The meat of Urban PA’s argument is that Urban NY’s allegations are insufficient because it has not alleged an independent crime or tort. (Def. Br. 21-22). But considering the totality of Urban NY’s pleading, the Court finds sufficient allegations of wrongdoing. Urban NY claims that Urban PA exploited its access to Urban NY’s data, information, and customers to undermine Urban NY’s current projects and prevent the development of further business relationships. (FAC ¶¶ 65, 118-121). That is enough at this stage. Indeed, sister courts in this District have allowed tortious interference claims to go forward on substantially similar allegations. See Sidney Frank Importing Co., Inc. v. Beam Inc., 998 F. Supp. 2d
193, 212-14 (S.D.N.Y. 2014) (denying a motion to dismiss a tortious interference claim when the plaintiff alleged that the defendant made misrepresentations about the plaintiff’s brand to specific distributors); Cereus Prod. Dev., Inc. v. Boom LLC, No. 14 Civ. 4292 (PAC), 2015 WL 3540827, at *7 (S.D.N.Y. June 5, 2015) (denying a motion to dismiss a tortious interference claim based on allegations that the defendants spoke to a third party, “pitched their business based on information improperly gleaned from Plaintiff, and made misleading statements regarding the stability of Plaintiff’s business”).
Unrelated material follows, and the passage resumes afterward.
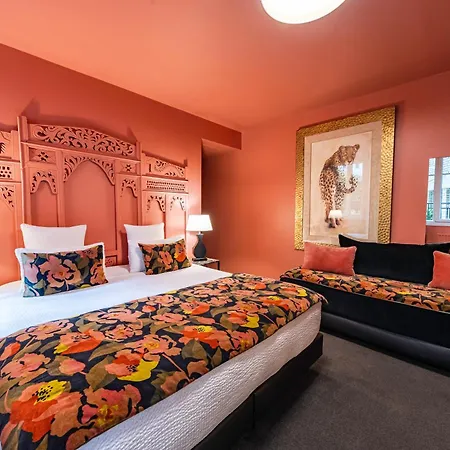 Otel Nicolo - Tour Eiffel 3*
b. Urban NY’s Tortious Interference Claim Is Not Duplicative of Its Breach-of-Contract Claim Second, Urban PA argues that Urban NY’s tortious interference claim is duplicative of its breach of contract claim, so it should be dismissed under the economic loss doctrine and Pennsylvania’s gist-of-the-action doctrine. (Def. Br. 21-22). But Urban NY’s tortious interference claim, while arguably arising out of its contractual relationship with Urban PA, remains collateral to the contract. See Cereus Prod. Dev., 2015 WL 3540827, at *7 (“Plaintiff may proceed with tort claims in addition to its breach of contract claim because it has alleged tortious conduct collateral to the contract.”); Frank C. Pollara Grp., LLC v. Ocean View Inv. Holding, LLC, 784 F.3d 177, 186 (3d Cir. 2015) (noting that the gist-of-the-action doctrine does not apply if a plaintiff “point[s] to independent events giving rise to the tort”). Here, Urban PA’s alleged misstatement to Urban NY’s prospective business partners does not implicate any contract at all. And the Court agrees that Urban NY’s tortious interference claim stems not from alleged breaches of
the Services Agreement, but rather from alleged misuse of access and information. While these allegations are related to the contractual violations Urban NY raises, see supra B.1, they are better described as “collateral” and can thus support a tort claim, see Cereus Prod. Dev., 2015 WL 3540827, at *7.13 c. Urban PA Alleged Actions Proximately Caused Urban NY’s Injury Finally, Urban PA suggests that Urban NY has not alleged that Urban PA’s conduct was the proximate cause of any supposed lost business opportunity. (Def. Reply 9). But that is also untrue. Urban NY alleges that certain entities “routinely invite[d] [Urban NY] to submit bids for project work based on [its] superior past performance and reputation,” but that Urban NY “lost out on or was not invited” by those entities “to bid on [future]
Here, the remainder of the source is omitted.